How Google Builds Its Maps—and What It Means for the Future of Everything
By Alexis C. Madrigal
Sep 6 2012, 3:27 PM ET 112
An exclusive look inside Ground Truth, the secretive program to build the world's best accurate maps.
Behind every Google Map, there is a much more complex map that's the key to your queries but hidden from your view. The deep map contains the logic of places: their no-left-turns and freeway on-ramps, speed limits and traffic conditions. This is the data that you're drawing from when you ask Google to navigate you from point A to point B -- and last week, Google showed me the internal map and demonstrated how it was built. It's the first time the company has let anyone watch how the project it calls GT, or "Ground Truth," actually works.
Google opened up at a key moment in its evolution. The company began as an online search company that made money almost exclusively from selling ads based on what you were querying for. But then the mobile world exploded. Where you're searching from has become almost as important as what you're searching for. Google responded by creating an operating system, brand, and ecosystem in Android that has become the only significant rival to Apple's iOS.
And for good reason. If Google's mission is to organize all the world's information, the most important challenge -- far larger than indexing the web -- is to take the world's physical information and make it accessible and useful.
"If you look at the offline world, the real world in which we live, that information is not entirely online," Manik Gupta, the senior product manager for Google Maps, told me. "Increasingly as we go about our lives, we are trying to bridge that gap between what we see in the real world and [the online world], and Maps really plays that part."
This is not just a theoretical concern. Mapping systems matter on phones precisely because they are the interface between the offline and online worlds. If you're at all like me, you use mapping more than any other application except for the communications suite (phone, email, social networks, and text messaging).
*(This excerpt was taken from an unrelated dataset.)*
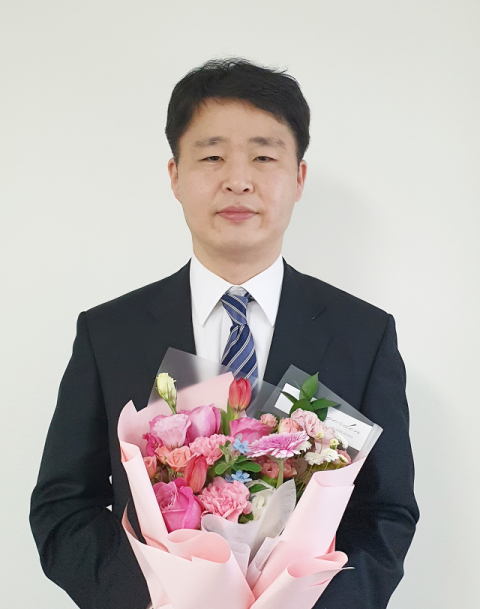 대구한의대 뷰티케어산업학과 민유홍 교수.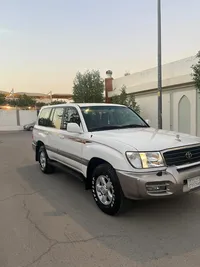 Xpeng ‏G9 ‏2000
Google is locked in a battle with the world's largest company, Apple, about who will control the future of mobile phones. Whereas Apple's strengths are in product design, supply chain management, and retail marketing, Google's most obvious realm of competitive advantage is in information. Geo data -- and the apps built to use it -- are where Google can win just by being Google. That didn't matter on previous generations of iPhones because they used Google Maps, but now Apple's created its own service. How the two operating systems incorporate geo data and present it to users could become a key battleground in the phone wars.
But that would entail actually building a better map.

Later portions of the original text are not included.